Bakpao! Arga pun mengingatnya. Dengan cepat Arga memesan bakpao ayam kesukaan Reina. Selesai memesan Arga taruh handphone di atas meja, lalu menyandarkan badan ke sandaran kursi. "Kalau Reina lagi gak mau makan nasi, makan mochi sama bakpao pasti sudah cukup buat mengisi perutnya," gumam Arga.
Tidak membutuhkan waktu lama, Arga menghampiri kurir yang mengantar makanan yang katanya sudah di depan Mansion. Arga terima kantong berisi bakpao itu, langsung membawanya pada Reina.
Sampainya depan pintu Kamar Reina, diketuknya pintu namun tak juga ada jawaban hingga Arga mencoba membuka di mana pintu tidak terkunci. Melangkah masuk sembari menatap Reina yang seluruh tubuhnya ditutup selimut. Menaruh kantong berisi bakpao di atas nakas di mana kantong berisi mochi masih utuh.

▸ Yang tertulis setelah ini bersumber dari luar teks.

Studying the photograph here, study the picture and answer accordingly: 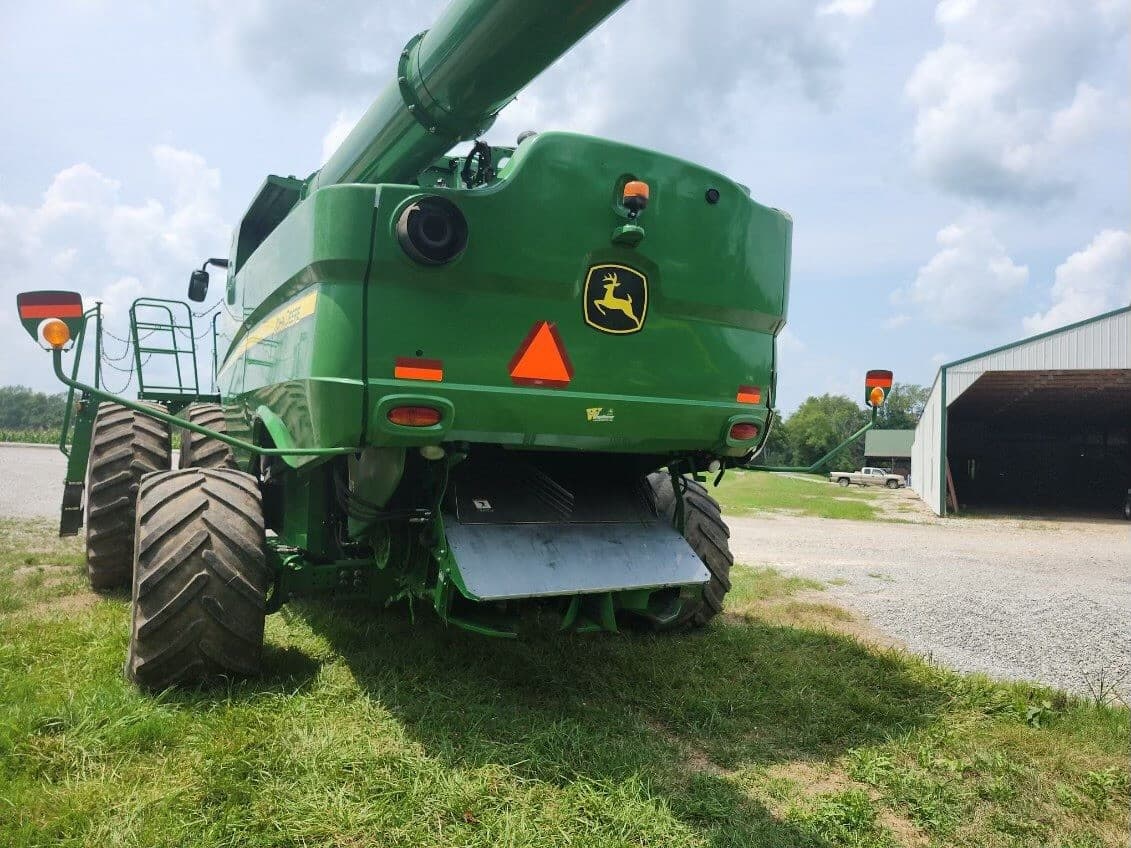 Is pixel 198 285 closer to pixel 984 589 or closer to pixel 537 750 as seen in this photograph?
pixel 537 750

Perlahan Arga mendudukkan diri di tepi ranjang menghadap ke arah Reina. "Re, makan dulu yaa. Kamu dari tadi belum makan lho," ucap Arga dengan nada lembut.
Reina tetap diam tak bergeming sama sekali, hingga Arga menarik selimut Reina dengan lembut dan manik mata Arga bertemu dengan manik mata Reina yang berkaca-kaca. Ternyata sedari tadi Reina sedang menangis.
"Menangis juga butuh tenaga. Kalau kamu gak makan apa-apa, justru kamu akan sakit. Ayah kamu di atas sana akan sedih melihatnya."
Tiba-tiba Reina langsung duduk, memeluk Arga yang langsung membalas pelukan Reina. "Sekarang saya sudah gak punya siapa-siapa."
"Kata siapa? Kamu masih punya saya. Saya ini bukan orang asing. Kamu jangan lupa kalau saya ini suami kamu."
Reina lepas pelukannya. Menatap dalam Arga. "Suatu hari Pak Arga pasti juga akan meninggalkan saya, dan pada saat itu saya benar-benar akan sendiri."
Salah satu tangan Arga terulur menyentuh lembut pipi Reina yang basah air mata. "Saya gak akan ke mana-mana, saya akan tetap bersama kamu sampai rambut kita memutih."
Reina bisa merasakan bahwa ada kejujuran dan ketulusan dari kata kata Arga. Tapi, apa Reina sudah benar-benar siap membangun rumah tangga bersama Arga? Bagaimana dengan tujuan awalnya? Apa Reina sudah siap terluka lebih dalam saat rahasia itu terbongkar?
"Bagaimana mungkin kita sama-sama kalau Bapak saja menikahi saya karena terpaksa? Untuk terus bersama itu butuh cinta." Tangis Reina mulai berhenti digantikan wajah serius.
"Saya gak tahu kalau kata cinta itu diperlukan, saya pikir kamu akan mengerti sendiri dari perhatian yang saya berikan. Bukankah sudah sangat jelas dari tindakan saya setelah kita menikah?"
Mendadak Reina malu sendiri dengan isi kepalanya yang mulai mengerti, dan menyadari bahwa selama ini....
"I love you, Reina," ucap Arga.
Seketika Reina mematung. Rasa sedihnya mendadak hilang entah ke mana. Bahkan digantikan seperti ada kupu kupu yang berterbangan di perutnya saat bibir Arga mendarat di bibir Reina.